PROBLEM TO WORK ON - Look through the data below for the line with "Image - ireland stone meadow" and the line with "Muğla'da pandemi sürecinde", then output those two and all lines in between, exactly as written.

PROVIDED RECORDS -
#####
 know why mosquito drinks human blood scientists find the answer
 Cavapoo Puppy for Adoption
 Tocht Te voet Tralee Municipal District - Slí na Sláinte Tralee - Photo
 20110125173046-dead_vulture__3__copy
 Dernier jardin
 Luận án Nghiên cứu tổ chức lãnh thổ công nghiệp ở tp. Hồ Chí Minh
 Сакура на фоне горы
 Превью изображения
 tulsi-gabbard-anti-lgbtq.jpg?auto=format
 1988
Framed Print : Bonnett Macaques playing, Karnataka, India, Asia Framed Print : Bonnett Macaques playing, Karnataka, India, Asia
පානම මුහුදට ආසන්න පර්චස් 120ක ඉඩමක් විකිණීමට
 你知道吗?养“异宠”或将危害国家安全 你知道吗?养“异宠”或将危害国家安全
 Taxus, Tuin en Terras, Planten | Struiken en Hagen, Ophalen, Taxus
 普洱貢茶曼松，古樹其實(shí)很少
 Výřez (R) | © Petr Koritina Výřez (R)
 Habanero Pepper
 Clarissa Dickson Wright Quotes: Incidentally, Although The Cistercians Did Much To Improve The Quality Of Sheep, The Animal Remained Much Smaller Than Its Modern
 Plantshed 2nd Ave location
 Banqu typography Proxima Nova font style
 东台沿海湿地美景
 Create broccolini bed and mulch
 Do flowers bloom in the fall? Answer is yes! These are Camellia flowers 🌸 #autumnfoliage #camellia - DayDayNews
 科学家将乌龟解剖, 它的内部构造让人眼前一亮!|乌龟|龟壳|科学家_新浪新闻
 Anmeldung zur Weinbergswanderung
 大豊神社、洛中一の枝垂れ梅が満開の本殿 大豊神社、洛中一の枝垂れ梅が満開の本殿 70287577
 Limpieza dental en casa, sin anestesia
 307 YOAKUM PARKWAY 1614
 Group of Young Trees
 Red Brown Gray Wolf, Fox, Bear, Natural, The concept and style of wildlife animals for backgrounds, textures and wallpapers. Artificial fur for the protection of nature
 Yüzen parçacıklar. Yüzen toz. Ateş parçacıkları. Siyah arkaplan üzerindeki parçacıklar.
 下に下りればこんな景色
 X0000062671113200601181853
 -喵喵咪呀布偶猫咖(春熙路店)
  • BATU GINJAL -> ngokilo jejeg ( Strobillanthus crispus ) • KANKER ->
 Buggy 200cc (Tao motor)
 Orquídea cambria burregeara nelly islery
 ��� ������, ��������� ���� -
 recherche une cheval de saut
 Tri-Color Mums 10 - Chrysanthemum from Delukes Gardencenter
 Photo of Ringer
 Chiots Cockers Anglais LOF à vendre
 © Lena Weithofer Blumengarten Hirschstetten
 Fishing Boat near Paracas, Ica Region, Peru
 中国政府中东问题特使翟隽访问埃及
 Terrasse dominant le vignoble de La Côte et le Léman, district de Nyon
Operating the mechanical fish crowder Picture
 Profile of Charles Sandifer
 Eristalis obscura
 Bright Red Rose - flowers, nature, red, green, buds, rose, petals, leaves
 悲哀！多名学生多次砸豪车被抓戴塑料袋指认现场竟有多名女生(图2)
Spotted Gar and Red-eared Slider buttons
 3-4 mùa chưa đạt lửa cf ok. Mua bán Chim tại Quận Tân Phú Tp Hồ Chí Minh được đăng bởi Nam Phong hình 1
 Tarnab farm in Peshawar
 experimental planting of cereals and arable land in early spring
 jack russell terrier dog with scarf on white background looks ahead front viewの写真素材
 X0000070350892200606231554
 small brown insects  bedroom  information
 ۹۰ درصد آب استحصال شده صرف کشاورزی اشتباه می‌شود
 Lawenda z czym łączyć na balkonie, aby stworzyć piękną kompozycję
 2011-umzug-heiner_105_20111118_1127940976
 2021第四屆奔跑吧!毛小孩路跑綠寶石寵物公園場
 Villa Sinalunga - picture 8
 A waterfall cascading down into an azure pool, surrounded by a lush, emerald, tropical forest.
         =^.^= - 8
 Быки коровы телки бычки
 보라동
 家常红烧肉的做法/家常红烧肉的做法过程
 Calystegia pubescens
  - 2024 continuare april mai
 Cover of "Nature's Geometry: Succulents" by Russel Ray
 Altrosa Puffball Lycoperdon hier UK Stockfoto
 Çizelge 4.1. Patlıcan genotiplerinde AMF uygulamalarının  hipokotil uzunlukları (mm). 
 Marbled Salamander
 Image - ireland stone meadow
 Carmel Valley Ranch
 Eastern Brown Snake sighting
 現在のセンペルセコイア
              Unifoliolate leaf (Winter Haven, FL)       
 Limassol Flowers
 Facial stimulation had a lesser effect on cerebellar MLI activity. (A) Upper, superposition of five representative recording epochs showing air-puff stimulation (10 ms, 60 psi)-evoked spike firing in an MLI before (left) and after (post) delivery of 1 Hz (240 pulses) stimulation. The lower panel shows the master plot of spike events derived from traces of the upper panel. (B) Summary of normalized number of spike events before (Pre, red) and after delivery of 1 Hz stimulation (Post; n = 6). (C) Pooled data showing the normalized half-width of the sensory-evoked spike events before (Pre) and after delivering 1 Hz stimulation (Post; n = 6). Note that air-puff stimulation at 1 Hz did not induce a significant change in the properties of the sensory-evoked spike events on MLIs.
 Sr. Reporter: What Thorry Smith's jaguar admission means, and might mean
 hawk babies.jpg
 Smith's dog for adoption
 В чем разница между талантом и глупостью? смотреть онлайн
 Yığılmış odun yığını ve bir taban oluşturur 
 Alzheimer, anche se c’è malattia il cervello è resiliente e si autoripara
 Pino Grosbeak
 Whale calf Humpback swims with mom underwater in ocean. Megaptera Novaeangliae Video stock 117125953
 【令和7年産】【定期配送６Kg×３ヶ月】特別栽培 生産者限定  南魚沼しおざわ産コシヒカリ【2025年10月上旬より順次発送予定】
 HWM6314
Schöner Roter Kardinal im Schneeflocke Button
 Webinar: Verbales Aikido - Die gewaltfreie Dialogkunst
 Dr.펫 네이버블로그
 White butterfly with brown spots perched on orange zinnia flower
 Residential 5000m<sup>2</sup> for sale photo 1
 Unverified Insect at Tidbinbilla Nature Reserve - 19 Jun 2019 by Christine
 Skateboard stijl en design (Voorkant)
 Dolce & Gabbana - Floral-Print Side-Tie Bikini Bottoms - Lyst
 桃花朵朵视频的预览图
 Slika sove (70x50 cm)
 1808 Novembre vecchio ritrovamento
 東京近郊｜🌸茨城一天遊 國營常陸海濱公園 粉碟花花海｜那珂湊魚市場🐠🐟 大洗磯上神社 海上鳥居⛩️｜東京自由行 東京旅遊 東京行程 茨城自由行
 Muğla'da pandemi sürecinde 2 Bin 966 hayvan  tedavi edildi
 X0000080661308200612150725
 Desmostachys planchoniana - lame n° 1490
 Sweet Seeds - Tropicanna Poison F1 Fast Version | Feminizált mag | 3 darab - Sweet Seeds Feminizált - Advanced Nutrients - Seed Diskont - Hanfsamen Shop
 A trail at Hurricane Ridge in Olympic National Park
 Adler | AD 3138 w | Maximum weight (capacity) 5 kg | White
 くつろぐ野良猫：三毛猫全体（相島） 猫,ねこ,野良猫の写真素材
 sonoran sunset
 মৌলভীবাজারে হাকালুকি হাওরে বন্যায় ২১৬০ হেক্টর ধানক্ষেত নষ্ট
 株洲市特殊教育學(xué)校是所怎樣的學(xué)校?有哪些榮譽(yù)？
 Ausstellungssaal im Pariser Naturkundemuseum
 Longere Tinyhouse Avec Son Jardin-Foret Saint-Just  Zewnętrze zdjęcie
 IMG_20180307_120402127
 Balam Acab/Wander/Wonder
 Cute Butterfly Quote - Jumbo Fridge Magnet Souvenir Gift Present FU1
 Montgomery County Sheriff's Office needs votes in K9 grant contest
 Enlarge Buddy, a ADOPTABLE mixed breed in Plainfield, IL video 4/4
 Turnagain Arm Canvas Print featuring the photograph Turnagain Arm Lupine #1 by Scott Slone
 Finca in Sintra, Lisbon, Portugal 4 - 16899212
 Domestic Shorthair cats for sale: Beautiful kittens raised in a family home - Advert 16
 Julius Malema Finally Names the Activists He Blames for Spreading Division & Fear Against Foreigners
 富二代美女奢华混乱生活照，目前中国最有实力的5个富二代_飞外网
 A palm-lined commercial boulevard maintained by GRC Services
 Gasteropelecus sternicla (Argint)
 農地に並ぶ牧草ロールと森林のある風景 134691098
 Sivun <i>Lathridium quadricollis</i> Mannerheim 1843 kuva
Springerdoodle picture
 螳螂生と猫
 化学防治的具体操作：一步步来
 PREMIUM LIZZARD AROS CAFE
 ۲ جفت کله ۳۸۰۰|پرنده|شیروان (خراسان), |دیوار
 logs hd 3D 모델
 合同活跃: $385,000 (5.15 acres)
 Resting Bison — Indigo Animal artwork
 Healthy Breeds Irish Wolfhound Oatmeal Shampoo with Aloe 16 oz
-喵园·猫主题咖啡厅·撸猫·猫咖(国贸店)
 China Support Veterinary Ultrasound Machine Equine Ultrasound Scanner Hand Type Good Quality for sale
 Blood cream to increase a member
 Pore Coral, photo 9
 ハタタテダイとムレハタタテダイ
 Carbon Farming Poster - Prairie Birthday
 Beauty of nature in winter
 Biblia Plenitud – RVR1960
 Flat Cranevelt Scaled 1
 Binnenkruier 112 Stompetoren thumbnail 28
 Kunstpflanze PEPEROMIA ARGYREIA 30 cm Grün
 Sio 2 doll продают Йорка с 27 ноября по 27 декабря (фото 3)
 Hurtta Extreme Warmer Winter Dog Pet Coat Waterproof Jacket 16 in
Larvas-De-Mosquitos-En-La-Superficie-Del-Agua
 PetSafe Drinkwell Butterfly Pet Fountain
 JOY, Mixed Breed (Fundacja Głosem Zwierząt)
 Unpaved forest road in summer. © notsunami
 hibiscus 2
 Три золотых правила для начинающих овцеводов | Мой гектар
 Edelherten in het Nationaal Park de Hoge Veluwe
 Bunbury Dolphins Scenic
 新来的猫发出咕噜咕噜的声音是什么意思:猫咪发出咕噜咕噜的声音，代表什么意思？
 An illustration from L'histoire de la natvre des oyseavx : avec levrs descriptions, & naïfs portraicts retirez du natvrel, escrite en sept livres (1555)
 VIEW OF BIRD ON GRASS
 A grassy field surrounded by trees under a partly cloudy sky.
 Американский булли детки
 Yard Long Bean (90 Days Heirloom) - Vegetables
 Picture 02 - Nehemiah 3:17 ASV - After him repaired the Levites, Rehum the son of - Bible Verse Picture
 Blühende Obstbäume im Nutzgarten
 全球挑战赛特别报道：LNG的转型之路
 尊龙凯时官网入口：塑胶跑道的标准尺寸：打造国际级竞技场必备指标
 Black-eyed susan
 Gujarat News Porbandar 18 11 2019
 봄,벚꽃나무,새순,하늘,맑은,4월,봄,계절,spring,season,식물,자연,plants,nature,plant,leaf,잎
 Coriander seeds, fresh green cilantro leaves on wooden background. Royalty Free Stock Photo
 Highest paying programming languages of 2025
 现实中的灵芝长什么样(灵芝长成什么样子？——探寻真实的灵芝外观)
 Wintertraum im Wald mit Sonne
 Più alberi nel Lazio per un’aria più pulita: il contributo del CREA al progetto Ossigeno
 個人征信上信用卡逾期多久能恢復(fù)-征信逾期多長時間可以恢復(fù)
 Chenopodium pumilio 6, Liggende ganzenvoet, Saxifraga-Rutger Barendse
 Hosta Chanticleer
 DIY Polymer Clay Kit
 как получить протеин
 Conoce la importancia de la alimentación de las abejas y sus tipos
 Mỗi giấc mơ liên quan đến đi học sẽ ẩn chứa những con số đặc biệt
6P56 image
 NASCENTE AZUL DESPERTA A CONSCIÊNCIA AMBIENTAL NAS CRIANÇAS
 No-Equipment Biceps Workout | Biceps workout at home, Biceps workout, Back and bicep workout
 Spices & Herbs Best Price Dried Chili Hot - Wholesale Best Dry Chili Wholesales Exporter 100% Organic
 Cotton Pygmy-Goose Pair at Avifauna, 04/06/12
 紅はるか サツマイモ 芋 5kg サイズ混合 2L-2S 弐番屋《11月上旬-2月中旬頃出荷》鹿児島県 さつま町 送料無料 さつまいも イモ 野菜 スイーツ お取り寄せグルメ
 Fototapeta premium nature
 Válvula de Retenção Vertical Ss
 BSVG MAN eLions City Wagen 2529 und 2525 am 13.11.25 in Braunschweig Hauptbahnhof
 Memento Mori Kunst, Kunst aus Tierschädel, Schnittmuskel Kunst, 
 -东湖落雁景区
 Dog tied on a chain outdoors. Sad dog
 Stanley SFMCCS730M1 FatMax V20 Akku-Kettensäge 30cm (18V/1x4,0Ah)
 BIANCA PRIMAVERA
#####
RESPONSE TO THE TASK -
 Image - ireland stone meadow
 Carmel Valley Ranch
 Eastern Brown Snake sighting
 現在のセンペルセコイア
              Unifoliolate leaf (Winter Haven, FL)       
 Limassol Flowers
 Facial stimulation had a lesser effect on cerebellar MLI activity. (A) Upper, superposition of five representative recording epochs showing air-puff stimulation (10 ms, 60 psi)-evoked spike firing in an MLI before (left) and after (post) delivery of 1 Hz (240 pulses) stimulation. The lower panel shows the master plot of spike events derived from traces of the upper panel. (B) Summary of normalized number of spike events before (Pre, red) and after delivery of 1 Hz stimulation (Post; n = 6). (C) Pooled data showing the normalized half-width of the sensory-evoked spike events before (Pre) and after delivering 1 Hz stimulation (Post; n = 6). Note that air-puff stimulation at 1 Hz did not induce a significant change in the properties of the sensory-evoked spike events on MLIs.
 Sr. Reporter: What Thorry Smith's jaguar admission means, and might mean
 hawk babies.jpg
 Smith's dog for adoption
 В чем разница между талантом и глупостью? смотреть онлайн
 Yığılmış odun yığını ve bir taban oluşturur 
 Alzheimer, anche se c’è malattia il cervello è resiliente e si autoripara
 Pino Grosbeak
 Whale calf Humpback swims with mom underwater in ocean. Megaptera Novaeangliae Video stock 117125953
 【令和7年産】【定期配送６Kg×３ヶ月】特別栽培 生産者限定  南魚沼しおざわ産コシヒカリ【2025年10月上旬より順次発送予定】
 HWM6314
Schöner Roter Kardinal im Schneeflocke Button
 Webinar: Verbales Aikido - Die gewaltfreie Dialogkunst
 Dr.펫 네이버블로그
 White butterfly with brown spots perched on orange zinnia flower
 Residential 5000m<sup>2</sup> for sale photo 1
 Unverified Insect at Tidbinbilla Nature Reserve - 19 Jun 2019 by Christine
 Skateboard stijl en design (Voorkant)
 Dolce & Gabbana - Floral-Print Side-Tie Bikini Bottoms - Lyst
 桃花朵朵视频的预览图
 Slika sove (70x50 cm)
 1808 Novembre vecchio ritrovamento
 東京近郊｜🌸茨城一天遊 國營常陸海濱公園 粉碟花花海｜那珂湊魚市場🐠🐟 大洗磯上神社 海上鳥居⛩️｜東京自由行 東京旅遊 東京行程 茨城自由行
 Muğla'da pandemi sürecinde 2 Bin 966 hayvan  tedavi edildi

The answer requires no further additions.